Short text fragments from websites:
_ _ _ _ _ _ _
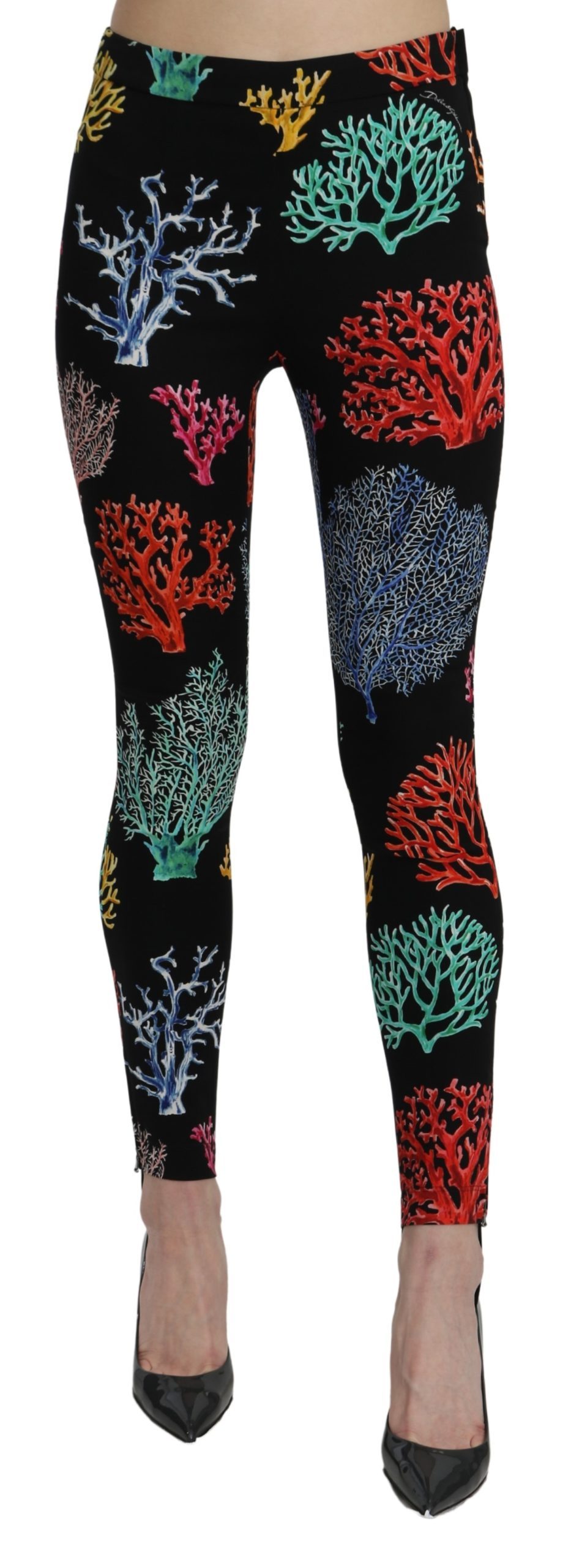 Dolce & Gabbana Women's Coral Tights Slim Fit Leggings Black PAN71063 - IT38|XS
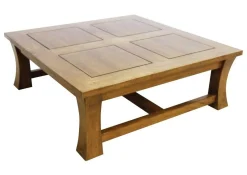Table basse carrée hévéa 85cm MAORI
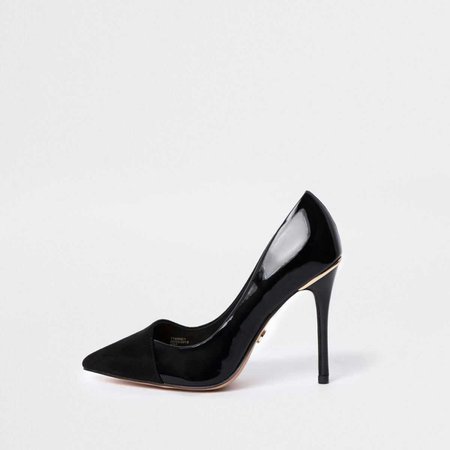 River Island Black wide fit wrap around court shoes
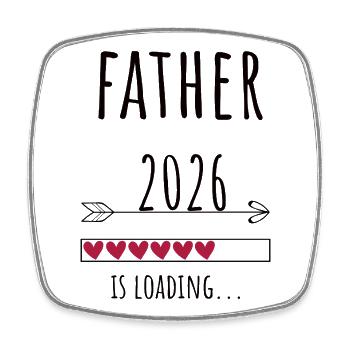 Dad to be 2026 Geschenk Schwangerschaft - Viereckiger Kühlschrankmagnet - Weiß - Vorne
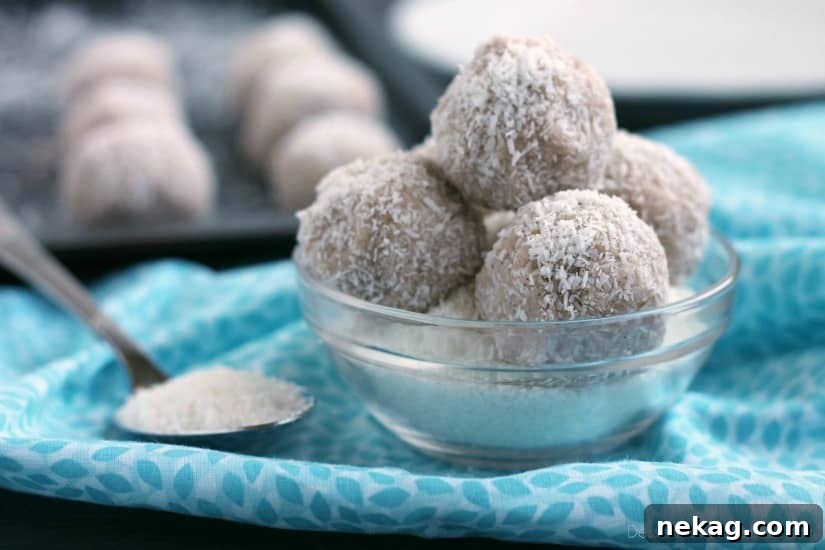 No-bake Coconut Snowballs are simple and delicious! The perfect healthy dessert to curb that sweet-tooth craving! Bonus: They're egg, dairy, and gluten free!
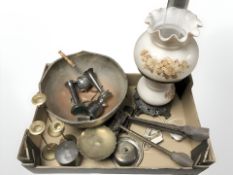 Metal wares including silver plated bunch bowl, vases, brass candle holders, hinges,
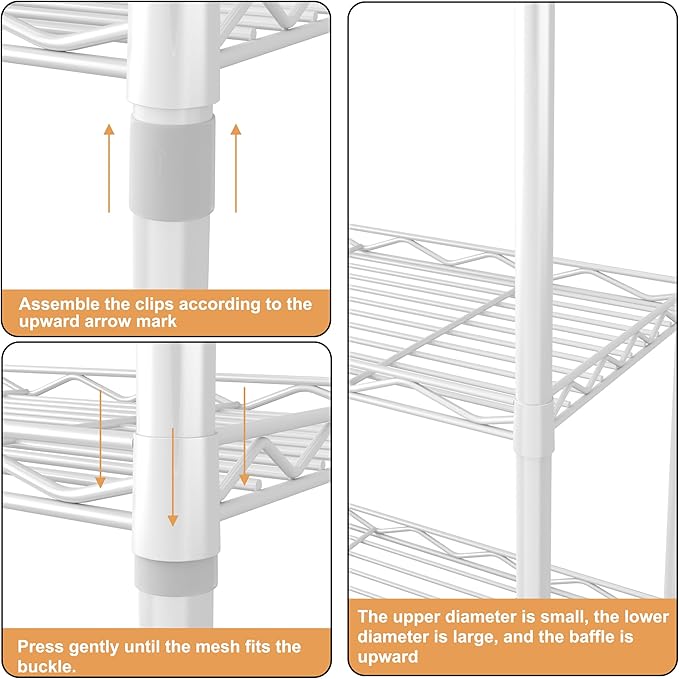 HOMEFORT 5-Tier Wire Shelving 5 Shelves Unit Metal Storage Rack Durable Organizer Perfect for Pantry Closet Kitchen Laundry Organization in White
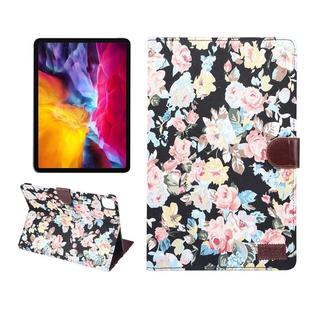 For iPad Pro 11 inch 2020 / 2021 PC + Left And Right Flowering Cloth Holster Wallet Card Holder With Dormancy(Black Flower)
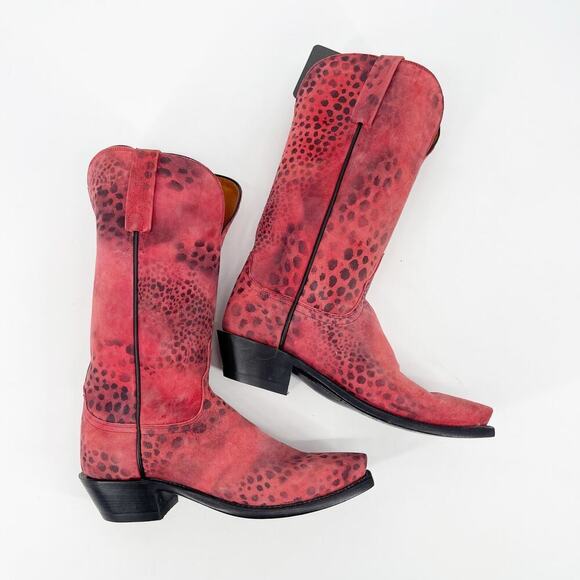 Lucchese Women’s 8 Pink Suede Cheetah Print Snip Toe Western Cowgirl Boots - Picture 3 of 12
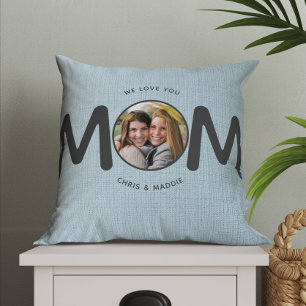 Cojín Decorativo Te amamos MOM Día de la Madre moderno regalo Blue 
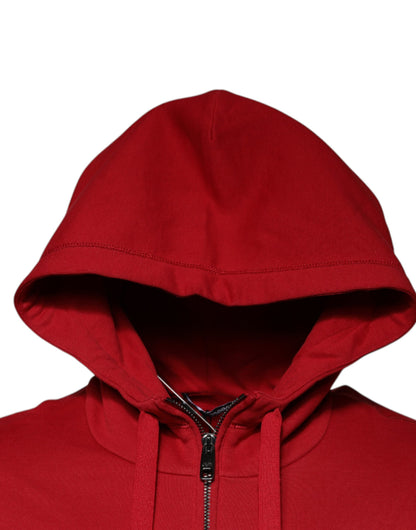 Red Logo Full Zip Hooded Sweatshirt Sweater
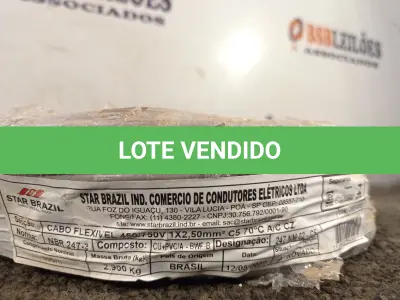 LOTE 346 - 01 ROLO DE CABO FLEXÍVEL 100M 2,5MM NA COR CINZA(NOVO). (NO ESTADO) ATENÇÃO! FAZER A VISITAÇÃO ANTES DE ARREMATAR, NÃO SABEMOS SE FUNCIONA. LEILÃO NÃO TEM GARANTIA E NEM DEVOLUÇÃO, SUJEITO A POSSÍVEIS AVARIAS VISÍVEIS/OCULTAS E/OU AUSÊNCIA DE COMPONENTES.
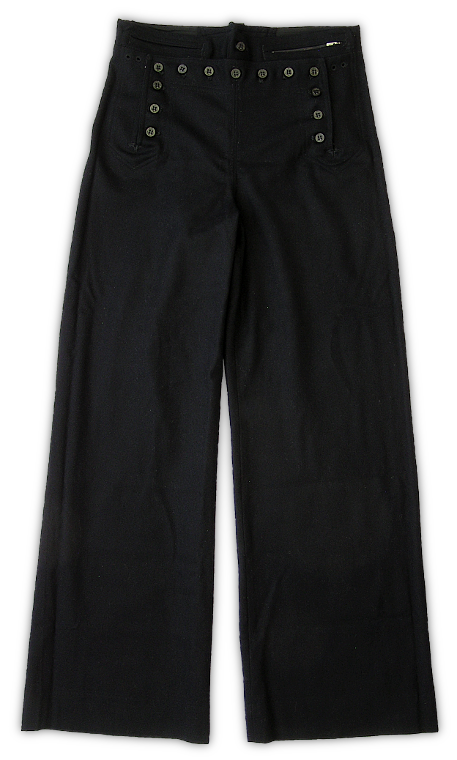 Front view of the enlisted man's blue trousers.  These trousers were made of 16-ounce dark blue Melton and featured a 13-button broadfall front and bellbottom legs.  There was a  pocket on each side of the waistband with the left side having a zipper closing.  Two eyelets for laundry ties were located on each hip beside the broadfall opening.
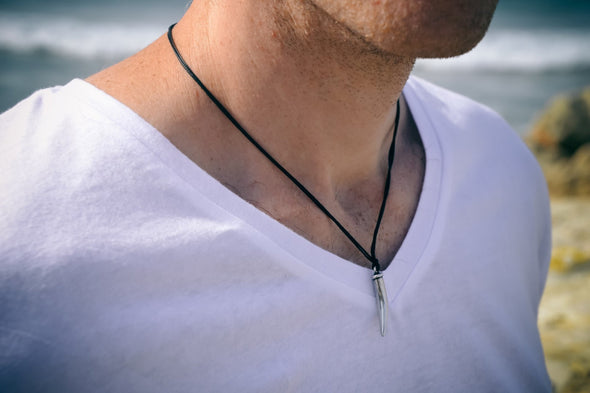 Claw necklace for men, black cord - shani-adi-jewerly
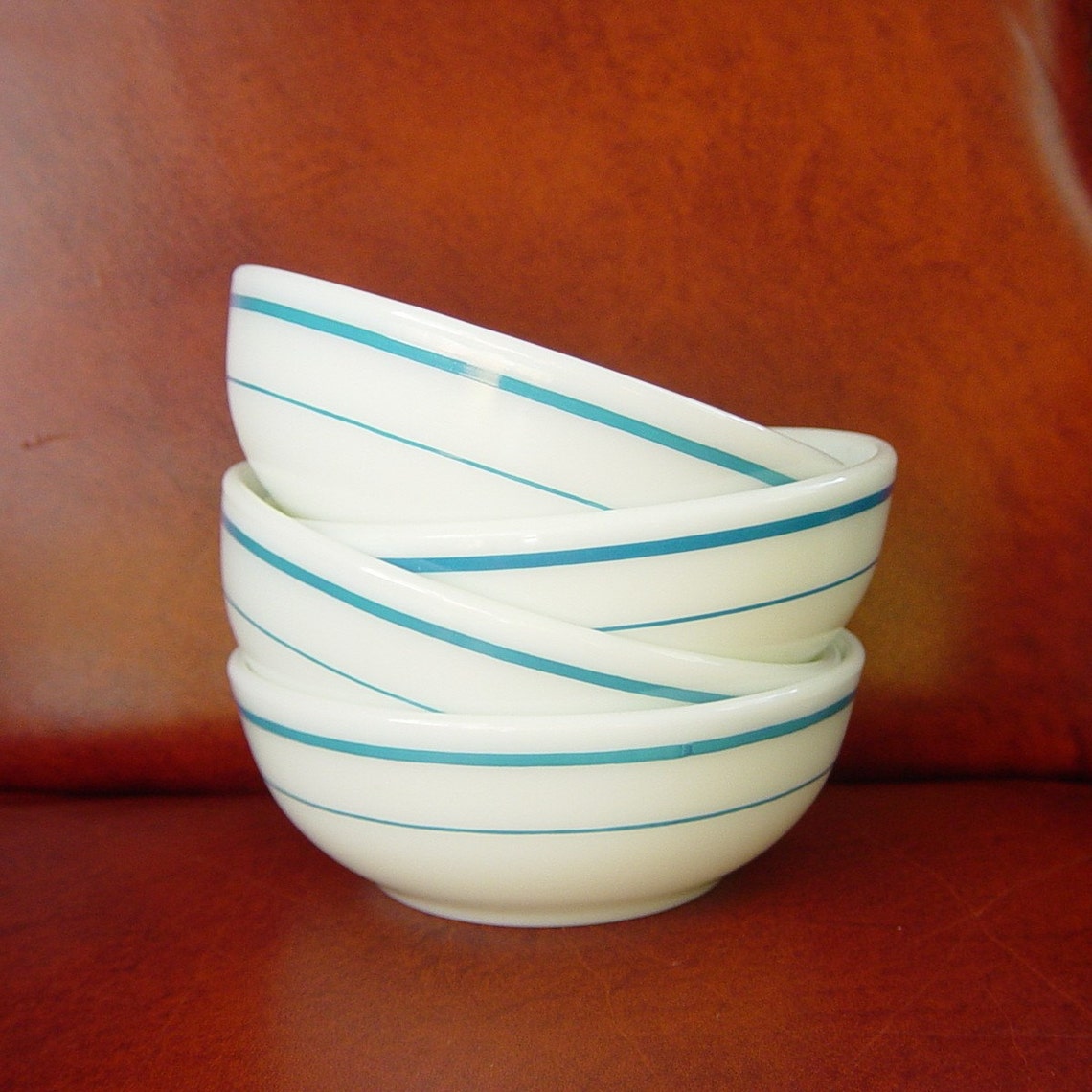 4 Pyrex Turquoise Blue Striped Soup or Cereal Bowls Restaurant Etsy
_ _ _ _ _ _ _
- **YOUR INSTRUCTIONS**
Go to the line that contains "Red Logo Full Zip Hooded Sweatshirt Sweater" and copy exactly from there through the last line of the records above, both included. Omit pictures.

- **YOUR RESPONSE**
 Red Logo Full Zip Hooded Sweatshirt Sweater
 LOTE 346 - 01 ROLO DE CABO FLEXÍVEL 100M 2,5MM NA COR CINZA(NOVO). (NO ESTADO) ATENÇÃO! FAZER A VISITAÇÃO ANTES DE ARREMATAR, NÃO SABEMOS SE FUNCIONA. LEILÃO NÃO TEM GARANTIA E NEM DEVOLUÇÃO, SUJEITO A POSSÍVEIS AVARIAS VISÍVEIS/OCULTAS E/OU AUSÊNCIA DE COMPONENTES.
 Front view of the enlisted man's blue trousers.  These trousers were made of 16-ounce dark blue Melton and featured a 13-button broadfall front and bellbottom legs.  There was a  pocket on each side of the waistband with the left side having a zipper closing.  Two eyelets for laundry ties were located on each hip beside the broadfall opening.
 Claw necklace for men, black cord - shani-adi-jewerly
 4 Pyrex Turquoise Blue Striped Soup or Cereal Bowls Restaurant Etsy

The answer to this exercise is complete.